Enfin, il apparaît évident que cette opération veut essayer de frapper le mouvement anarchiste, en visant encore une fois ses instruments de propagande et d’agitation, elle veut rétablir donc le prestige de l’anti-mafia et anti-terrorisme (depuis longtemps, la Direction nationale anti-mafia est devenue aussi « anti-terrorisme », la structure de coordination de l’offensive répressive en cours depuis des années contre les anarchistes), à la suite du fort mouvement de solidarité internationale qui s’est développé après le transfert d’Alfredo Cospito en 41-bis, en mai 2022, et particulièrement pendant sa grève de la faim, contre le 41-bis et la peine de perpétuité avec période de sûreté illimitée, entre le mois d’octobre de la même année et avril dernier.

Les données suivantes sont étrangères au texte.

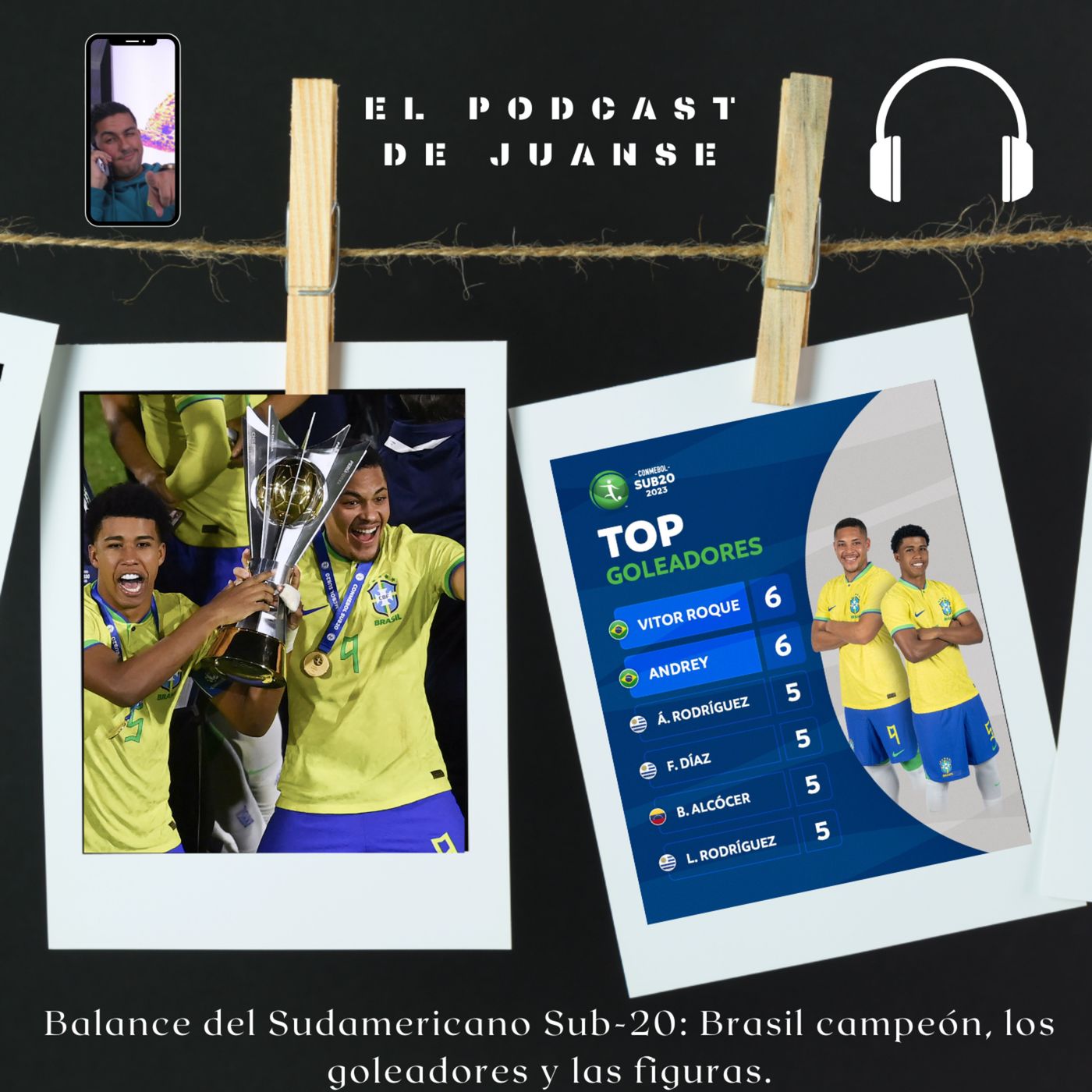 El Podcast de Juanse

Une mobilisation qui, en empêchant la tentative d’anéantissement du compagnon, en lui évitant donc une condamnation presque certaine à la perpétuité, a été une sérieuse épine dans le pied pour cette offensive répressive et pour le maintient de la paix sociale.

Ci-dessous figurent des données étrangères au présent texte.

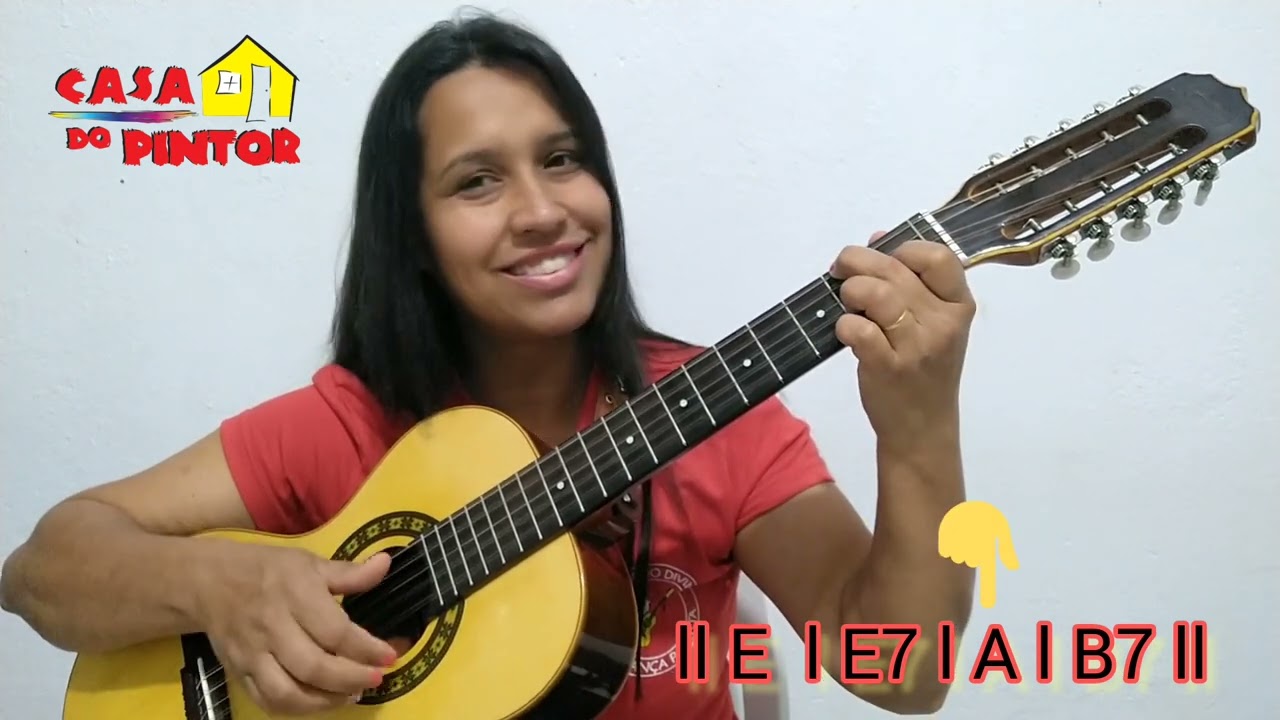 Vídeo Aulas dos Ritmos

Conscients que celle-ci n’est pas une opération contre des libertés inexistantes, libertés « de la presse », « d’expression », « d’opinion »… inexistantes précisément parce qu’elle sont des mensonges illusoires de la part de la justice, nous continuons à n’accorder aucune confiance à cette dernière, conscients que l’élément « technique » est toujours dominé et dirigé par le « politique » : des exigences de nature politique-idéologiques bien précises portent à ces opérations répressives et notre lutte n’a certainement pas lieu sur le terrain du droit (et, même si on le voulait, il serait impossible de répliquer à des accusations qui, à la fin, touchent à l’identité, à la personnalité, au tempérament des compagnons). Des opérations répressives comme celle-ci n’arrêtent rien du tout : jusqu’à quand existeront une société divisée en classes, l’exploitation et toute forme d’oppression sociale, l’État ne pourra pas arrêter la germination des idées révolutionnaires et les anarchistes continueront à lutter.
Le Circolo Culturale Anarchico, ouvert en via Ulivi 8, à Carrare, depuis les années 70, reste encore actif, avec son archive qu’on peut consulter, sa distribution et ses initiatives.
SOLIDARITÉ AVEC GAIA, GINO, LUIGI, PAOLO ET TOUS LES COMPAGNONS ET LES COMPAGNONNES SOUS ENQUÊTE.